Knowledge Management

R. Nat Natarajan and Cass L. Larson

Managing the processes related to learning and the application of knowledge will be one of the most important performance excellence challenges facing organizations in the 90s and into the next century. This challenge is a natural outcome of the information economy—an economy in which a large part of the value added in products and services derives from knowledge. In today’s organizations, the statement "knowledge is power" applies with more relevance than ever before.

The value of the physical assets of Microsoft is just a tiny fraction of that of General Motors (GM), yet Microsoft has a higher market value than GM. Economists have long known that knowledge is the only factor of production that is not subject to diminishing returns but only now are organizations trying to learn how to manage knowledge as an asset. While plant, equipment, and buildings start to depreciate from the moment they are put into operation, knowledge is an appreciating asset. Physical goods exist in finite amounts. At any given time someone can have more of a good only if someone else has less of it. Not so with knowledge—knowledge can be shared with others without diminishing ones’ own stock of it.

It is important to distinguish between knowledge and information. Information can be considered as the codified and formal part of knowledge. Knowledge also consists of a tacit component—procedures and rules that are not codified or articulated. It also includes experience that can be accumulated by individuals through observation, apprenticeship and learning-by-doing.

Simply put, knowledge management (KM) is about developing and harnessing the organization’s collective brain power. This brain power for instance could relate to knowledge that employees have about production processes, customers, and ideas for new products/services. In this sense, people truly are the most important assets of an organization! One can identify three phases of KM: knowledge acquisition; knowledge dissemination, and knowledge utilization. In practice, these phases do not necessarily follow in a neat linear fashion.
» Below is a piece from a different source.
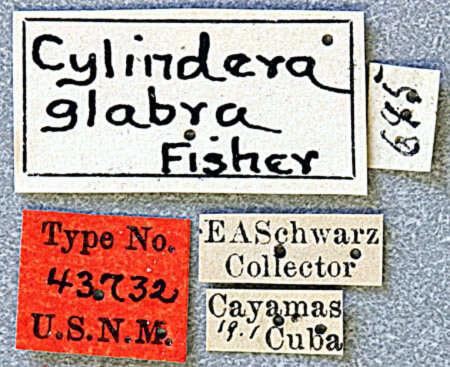 Image of Cylindera (Verticina) glabra (Bogenberger 1988)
If knowledge, like any other asset, is to be leveraged and turned into a competitive advantage, then KM has to be linked to overall strategy. This is because organizations are not interested in knowledge for knowledge’s sake. All three phases of KM mentioned above consume resources and therefore these resources have to be allocated keeping in mind the linkage to corporate objectives. How this linkage is established varies from company to company. For instance, Sony maintains a rather loose coupling between directing the knowledge gathering efforts of its R&D staff and corporate objectives, whereas 3M has a well-defined process by which its scientists, acting as intrapreneurs, may develop and propose complete business plans based on their own research ideas. Sometimes relevant knowledge resides outside the organization’s boundaries, e.g., with customers, suppliers and in the best practices of other firms. This knowledge also must be systematically acquired and put to use in the organization. For example, benchmarking the best practices of other companies will help to close performance gaps if benchmarking processes are linked to goals and strategies of the knowledge-seeking firm.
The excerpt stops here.